A tel point que l’agriculteur Guillaume Mannot s’est mis en tête d’apprivoiser les renards. « Ils ne sont pas nuisibles et chassent nos pires ennemis : les campagnols qui détruisent nos arbres fruitiers. Leur présence ici est donc bénéfique, j’ai même commencé à leur donner des oeufs pour qu’ils viennent plus souvent », explique-t-il. Les hirondelles avaient aussi profité du confinement pour faire leurs nids dans les toits des écoles fermées. « Elles n’ont pas été dérangées et ont pu prospérer. Comme il s’agit d’une une espèce menacée, le confinement a été bénéfique pour elles », explique Franck Taboury, chargé d’études à laLigue pour la protection des oiseaux (LPO) du Limousin.
Très rurale, la Creuse estle deuxième département le moins peuplé de France, avec à peine 117.000 habitants. Mais il reste difficile de quantifier le nombre d’animaux qu’elle abrite. Des associations tentent désormais de les recenser pour mieux les protéger. En collaboration avec la LPO et le conservatoire d’espaces naturels, le Groupe Mammalogique et Herpétologique du Limousin a ainsi lancé des atlas de la faune sauvage en avril dernier. Toute personne apercevant un animal durant sa promenade ou dans son jardin est invitée à le signaler sur son site Internet en y ajoutant une photo.
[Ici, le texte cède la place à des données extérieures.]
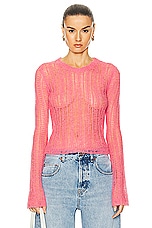 Stella McCartney Airy Lace Knit Sweater in Pink, view 1, click to view large image.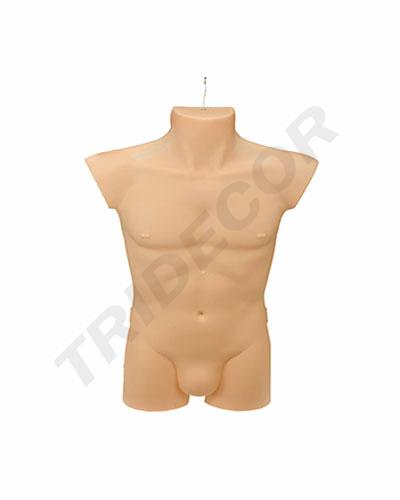 Busto maschile in plastica color carne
Cette plus grande proximité avec la faune sauvage a éveillé une prise de conscience chez certains habitants. « J’ai observé beaucoup plus d’oiseaux dans les chemins et les bas-côtés et je fais beaucoup plus attention aux animaux quand je me déplace en voiture ou en tracteur », affirme Victoire Talamona, éleveuse de chevaux près de Boussac, dans le nord du département.
Prudence sur les routes
Mais si certains conducteurs se montrent plus prudents sur les routes, les animaux, eux, ont perdu le réflexe de se méfier des voitures. Franck Taboury comme Marc Giraud disent avoir constaté un nombre croissant de rapaces nocturnes, chouettes effraies, blaireaux et hérissons morts écrasés sur les routes limousines. Cette présence plus marquée des animaux sauvages n’est pas non plus sans conséquences pour les cultures et les récoltes, alors que ceux-ci causent déjà de gros dégâts dans les champs en temps normal. A l’automne dernier, avant l’entrée en vigueur du deuxième confinement, le gouvernement avait d’ailleurs autorisé la chasse par dérogation dans un impératif de « régulation de la faune sauvage susceptible d’occasionner des dégâts aux cultures et aux forêts » – dans la Creuse, la mesure a concerné le gros gibier et les renards.
Malgré cette autorisation, les chasseurs n’ont pas été tous au rendez-vous. « Il y avait beaucoup moins de chasseurs que d’habitude pour plus de gibier. Ce qui se répercute sur le nombre de dégâts. Comme nous devons les indemniser sur les zones ‘chassables’ et ‘non-chassables’, cela représente un énorme poids financier pour les fédérations qui se retrouvent en difficulté », explique le président de la Fédération nationale des chasseurs (FNC), Willy Schraen.
Selon un décompte arrêté au 11 mai dernier, la Fédération départementale des chasseurs de la Creuse avait ainsi dû verser 305.000 euros d’indemnisations aux agriculteurs pour la période allant de juillet 2019 à fin juin 2020, avec 358 dossiers au total.